What you will do:
Give back the line that contains "Mamiya 7 Medium" and every following line, exactly as they appear, through the end of the data.

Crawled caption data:
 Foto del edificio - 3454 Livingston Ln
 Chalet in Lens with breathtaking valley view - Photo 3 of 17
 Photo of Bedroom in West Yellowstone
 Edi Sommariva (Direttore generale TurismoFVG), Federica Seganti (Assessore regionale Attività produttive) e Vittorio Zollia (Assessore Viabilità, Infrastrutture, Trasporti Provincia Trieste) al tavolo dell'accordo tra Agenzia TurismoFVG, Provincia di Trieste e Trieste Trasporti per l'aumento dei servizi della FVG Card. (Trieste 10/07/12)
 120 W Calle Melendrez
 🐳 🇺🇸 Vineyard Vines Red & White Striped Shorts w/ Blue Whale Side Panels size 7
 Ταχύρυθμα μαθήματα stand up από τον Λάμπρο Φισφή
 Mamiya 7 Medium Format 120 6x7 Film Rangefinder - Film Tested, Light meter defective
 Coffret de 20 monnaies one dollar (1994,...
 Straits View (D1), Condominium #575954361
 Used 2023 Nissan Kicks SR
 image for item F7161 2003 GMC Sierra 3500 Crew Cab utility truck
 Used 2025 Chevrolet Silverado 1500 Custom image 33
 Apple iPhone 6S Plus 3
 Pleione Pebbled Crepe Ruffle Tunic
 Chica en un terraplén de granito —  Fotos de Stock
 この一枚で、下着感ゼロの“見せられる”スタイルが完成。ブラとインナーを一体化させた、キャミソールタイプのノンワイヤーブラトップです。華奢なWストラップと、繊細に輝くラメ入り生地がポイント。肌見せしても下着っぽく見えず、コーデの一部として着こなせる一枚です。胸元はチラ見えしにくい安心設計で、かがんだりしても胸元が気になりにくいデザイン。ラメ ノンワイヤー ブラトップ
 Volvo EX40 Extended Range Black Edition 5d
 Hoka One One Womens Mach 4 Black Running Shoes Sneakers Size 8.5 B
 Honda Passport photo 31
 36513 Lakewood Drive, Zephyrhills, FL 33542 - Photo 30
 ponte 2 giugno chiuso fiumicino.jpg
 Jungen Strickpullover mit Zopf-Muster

Answer section:
 Mamiya 7 Medium Format 120 6x7 Film Rangefinder - Film Tested, Light meter defective
 Coffret de 20 monnaies one dollar (1994,...
 Straits View (D1), Condominium #575954361
 Used 2023 Nissan Kicks SR
 image for item F7161 2003 GMC Sierra 3500 Crew Cab utility truck
 Used 2025 Chevrolet Silverado 1500 Custom image 33
 Apple iPhone 6S Plus 3
 Pleione Pebbled Crepe Ruffle Tunic
 Chica en un terraplén de granito —  Fotos de Stock
 この一枚で、下着感ゼロの“見せられる”スタイルが完成。ブラとインナーを一体化させた、キャミソールタイプのノンワイヤーブラトップです。華奢なWストラップと、繊細に輝くラメ入り生地がポイント。肌見せしても下着っぽく見えず、コーデの一部として着こなせる一枚です。胸元はチラ見えしにくい安心設計で、かがんだりしても胸元が気になりにくいデザイン。ラメ ノンワイヤー ブラトップ
 Volvo EX40 Extended Range Black Edition 5d
 Hoka One One Womens Mach 4 Black Running Shoes Sneakers Size 8.5 B
 Honda Passport photo 31
 36513 Lakewood Drive, Zephyrhills, FL 33542 - Photo 30
 ponte 2 giugno chiuso fiumicino.jpg
 Jungen Strickpullover mit Zopf-Muster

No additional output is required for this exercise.